Premier exemple d’appropriation : marquage sexué de la monnaie et effets d’inertie

L’histoire et l’anthropologie nous enseignent qu’historiquement, ce sont les instruments monétaires qui autorisaient l’actualisation et la reproduction des hiérarchies sociales et des statuts sociaux, notamment entre hommes et femmes : l’usage de monnaies spécifiques permettait à chacun, en fonction de son sexe et de son rang, de remplir ses obligations. Ce cloisonnement des usages permettait également d’établir officiellement la division sexuée des rôles et de l’accès au pouvoir. L’homogénéisation des instruments monétaires s’inscrit précisément dans un vaste mouvement visant à abolir les relations hiérarchiques et statutaires. L’emploi d’un équivalent général ouvre la voie à la liberté. Cette volonté d’égalité et cet idéal de dignité consistant à vouloir s’émanciper de toute attache, s’incarnent dans la pensée dite moderne. Mais cet individu moderne n’est pas asexué : il est foncièrement masculin. De multiples efforts sont déployés, d’un côté pour permettre à l’homme d’accéder à l’autonomie et à la position ultime de sujet, et de l’autre pour assigner à la femme un statut de dépendante. La monnaie joue ici un rôle décisif : la dépendance financière des femmes et l’impossibilité dans laquelle elles se trouvent d’accéder à des sources propres de revenus comme de les contrôler constituent le noyau dur de leur statut d’incapables. La dépendance financière des femmes est à la fois cause et résultat : cause, car on considère que leur dépendance matérielle est incompatible avec l’exercice de la raison et résultat, car leur statut de dépendante justifie un accès limité à des activités génératrices de revenus. Qu’il s’agisse de répondre à des préoccupations démographiques ou économiques, c’est en tant que gardiennes du foyer que les femmes participent au bien-être collectif : tout est fait pour les éloigner des activités rémunérées, supposées incompatibles avec l’exercice de leurs obligations familiales. Ce statut de dépendante s’institutionnalise progressivement à travers notamment l’instauration de droits sociaux sexués et l’exclusion du travail domestique de toute rémunération et de toute comptabilisation.

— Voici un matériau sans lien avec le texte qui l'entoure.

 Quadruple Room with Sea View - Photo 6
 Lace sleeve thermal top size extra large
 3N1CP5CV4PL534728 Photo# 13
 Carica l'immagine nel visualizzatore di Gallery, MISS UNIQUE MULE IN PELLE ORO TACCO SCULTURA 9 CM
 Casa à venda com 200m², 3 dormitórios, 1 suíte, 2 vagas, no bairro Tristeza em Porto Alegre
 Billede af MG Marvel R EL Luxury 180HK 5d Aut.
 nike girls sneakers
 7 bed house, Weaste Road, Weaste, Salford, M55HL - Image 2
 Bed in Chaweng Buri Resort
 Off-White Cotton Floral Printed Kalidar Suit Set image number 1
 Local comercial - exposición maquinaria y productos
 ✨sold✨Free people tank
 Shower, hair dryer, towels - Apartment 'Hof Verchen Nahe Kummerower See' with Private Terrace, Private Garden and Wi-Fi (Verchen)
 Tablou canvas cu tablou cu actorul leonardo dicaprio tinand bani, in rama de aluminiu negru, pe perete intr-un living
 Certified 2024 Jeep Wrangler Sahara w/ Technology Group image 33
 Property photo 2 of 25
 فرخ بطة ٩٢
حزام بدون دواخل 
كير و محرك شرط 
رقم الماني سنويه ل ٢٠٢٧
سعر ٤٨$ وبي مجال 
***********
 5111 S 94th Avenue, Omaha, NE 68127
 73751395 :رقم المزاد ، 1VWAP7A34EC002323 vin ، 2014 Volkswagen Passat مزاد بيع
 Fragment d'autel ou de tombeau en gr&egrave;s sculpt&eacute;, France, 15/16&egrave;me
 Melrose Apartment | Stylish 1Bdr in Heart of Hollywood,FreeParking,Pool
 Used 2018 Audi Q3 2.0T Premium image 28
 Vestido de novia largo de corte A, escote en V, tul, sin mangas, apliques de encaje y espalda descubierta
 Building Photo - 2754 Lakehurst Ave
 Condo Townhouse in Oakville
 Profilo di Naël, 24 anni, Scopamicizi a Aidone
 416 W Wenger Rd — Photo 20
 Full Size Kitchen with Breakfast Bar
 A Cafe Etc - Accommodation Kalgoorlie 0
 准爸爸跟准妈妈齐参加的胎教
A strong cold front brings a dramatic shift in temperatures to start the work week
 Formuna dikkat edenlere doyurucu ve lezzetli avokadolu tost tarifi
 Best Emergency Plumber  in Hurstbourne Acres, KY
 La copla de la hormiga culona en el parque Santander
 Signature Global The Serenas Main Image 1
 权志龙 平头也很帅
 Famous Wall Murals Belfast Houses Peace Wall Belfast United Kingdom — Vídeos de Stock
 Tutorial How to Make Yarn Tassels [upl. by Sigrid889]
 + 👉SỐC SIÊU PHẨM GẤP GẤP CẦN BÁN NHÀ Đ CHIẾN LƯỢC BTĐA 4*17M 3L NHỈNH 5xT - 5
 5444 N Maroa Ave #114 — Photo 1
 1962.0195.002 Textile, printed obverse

Lorsque les femmes accèdent à leurs propres sources de revenus, le marquage sexué prend des formes plus détournées ; il n’en est pas moins prégnant. Non seulement l’obligation de dépendance ne se dissout pas dans l’usage de la monnaie, mais elle s’en trouve confortée. En effet, que les femmes exercent des activités rémunérées ne change rien à cette figure de la dépendance : l’histoire montre que le mode de détermination des salaires a très largement obéit à cet idéal. Au nom de leur statut de subordonnée, les femmes se contentent d’un salaire d’appoint, et l’argument de la dépendance sert tant à expliquer l’infériorité des salaires qu’à la justifier.

Lorsque l’on se tourne vers la situation contemporaine, alors que l’égalité est proclamée et que l’infériorité des salaires féminins, pourtant persistante, diminue, la division sexuée des rôles est à nouveau menacée. Qu’importe, le processus d’appropriation permet de dépasser la simple valeur monétaire. Concernant cette étude de cas au Nord, le principal résultat de notre réflexion est finalement celui-là ; le reste a été le préalable nécessaire pour saisir le sens et la portée de ce processus d’appropriation. Celui-ci s’exprime par une opération de différenciation, c’est-à-dire le fait de rendre distincts des flux de prime abord homogènes. Les flux monétaires, que rien ne distingue en apparence, sont étiquetés et personnalisés. Différencier les flux de revenus autorise la reproduction des relations. Quel que soit son montant, quel que soit l’usage réel qui en est fait, décider d’affecter le revenu féminin à des usages secondaires et accessoires lui confère une connotation de revenu d’appoint dont ne dépend pas la survie familiale, et permet ainsi de reproduire la division sexuée des rôles. La définition subjective du rôle du salaire féminin dans la survie de la famille permet d’orienter, voire de définir les responsabilités de chacun. Cette opération de distinction autorise la reproduction et la perpétuation des relations. Elle n’est pas systématique, loin s’en faut : elle se présente comme une ressource pour l’action, employée tant par les hommes que par les femmes cherchant à donner un certain sens à leurs relations.

Cet exemple révèle les limites de l’instrument monétaire face à la force des relations de droits et d’obligations. Celles-ci ne se soumettent pas à l’usage supposé neutralisant de la monnaie et ne sauraient s’épuiser par l’usage d’un simple instrument. L’appropriation, qui prend ici la forme d’un marquage des flux en fonction de l’appartenance de sexe de leur détenteur, autorise le maintien des droits et des obligations sexués.